§ **Work required**
A faithful transcription of all the data, images excluded, is the required answer.

§ **Material supplied**
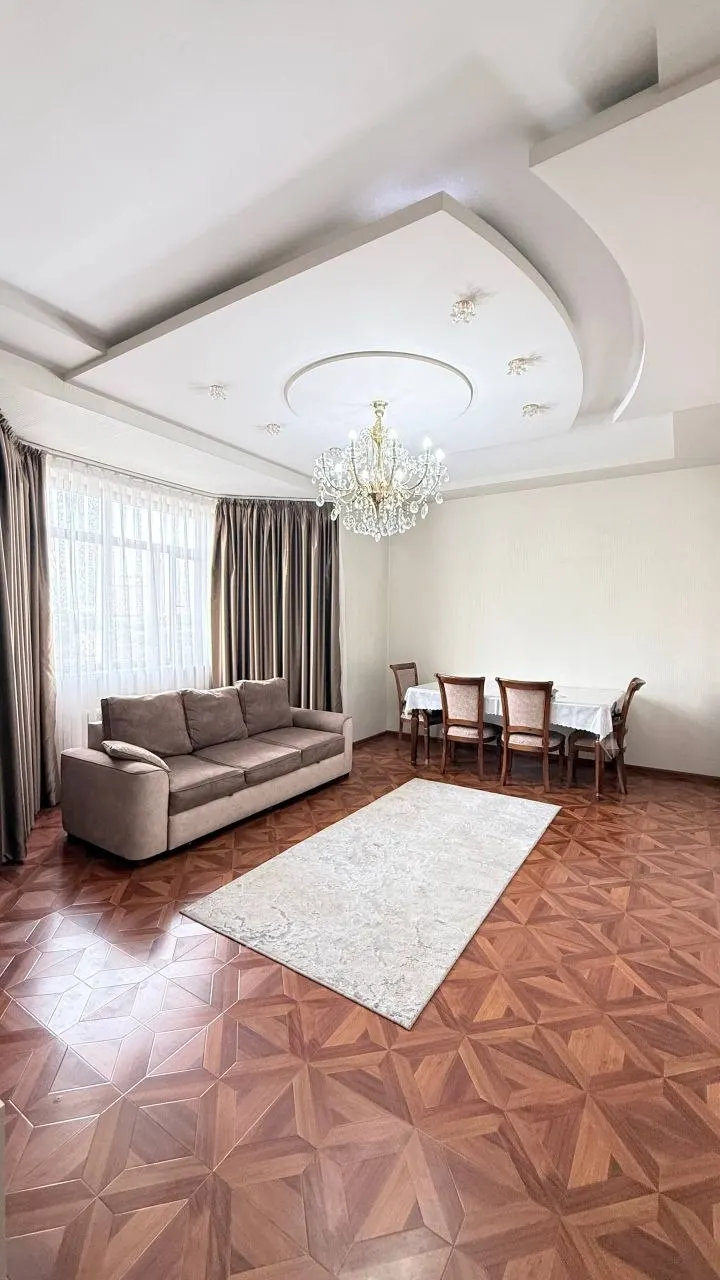 Sotiladi 3 xonali kvartira, 90 m², 5/9 qavat — Mirobod tumani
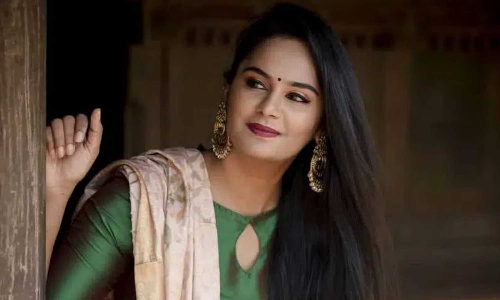 நடிகை லட்சுமி பிரியா சந்திரமெளலிக்கு யாமா படக்குழு வாழ்த்து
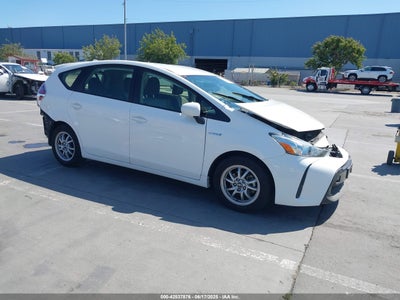 TOYOTA PRIUS V 2016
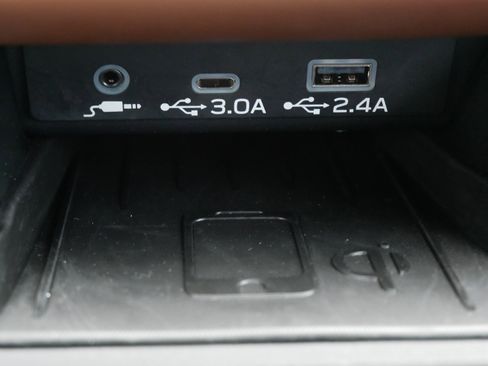 Certified 2025 Subaru Outback Touring w/ Tech Package 3 image 29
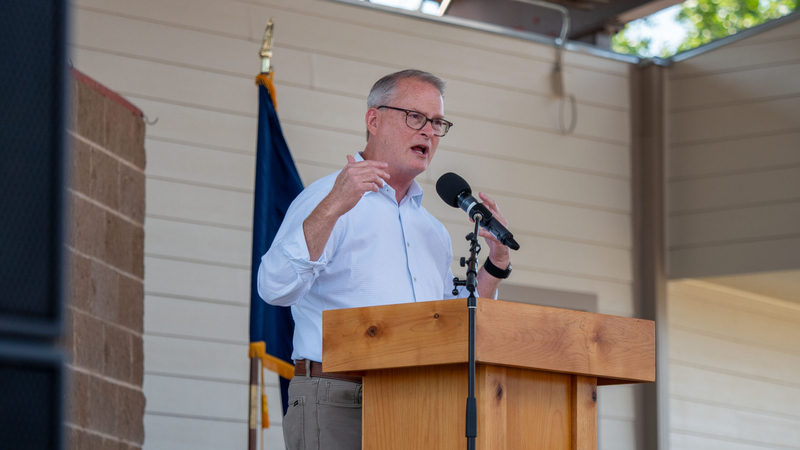 Clamorous crowd dominates first Kansas U.S. Senate debate between Marshall, Hamilton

§ **Exercise answer**
 Sotiladi 3 xonali kvartira, 90 m², 5/9 qavat — Mirobod tumani
 நடிகை லட்சுமி பிரியா சந்திரமெளலிக்கு யாமா படக்குழு வாழ்த்து
 TOYOTA PRIUS V 2016
 Certified 2025 Subaru Outback Touring w/ Tech Package 3 image 29
 Clamorous crowd dominates first Kansas U.S. Senate debate between Marshall, Hamilton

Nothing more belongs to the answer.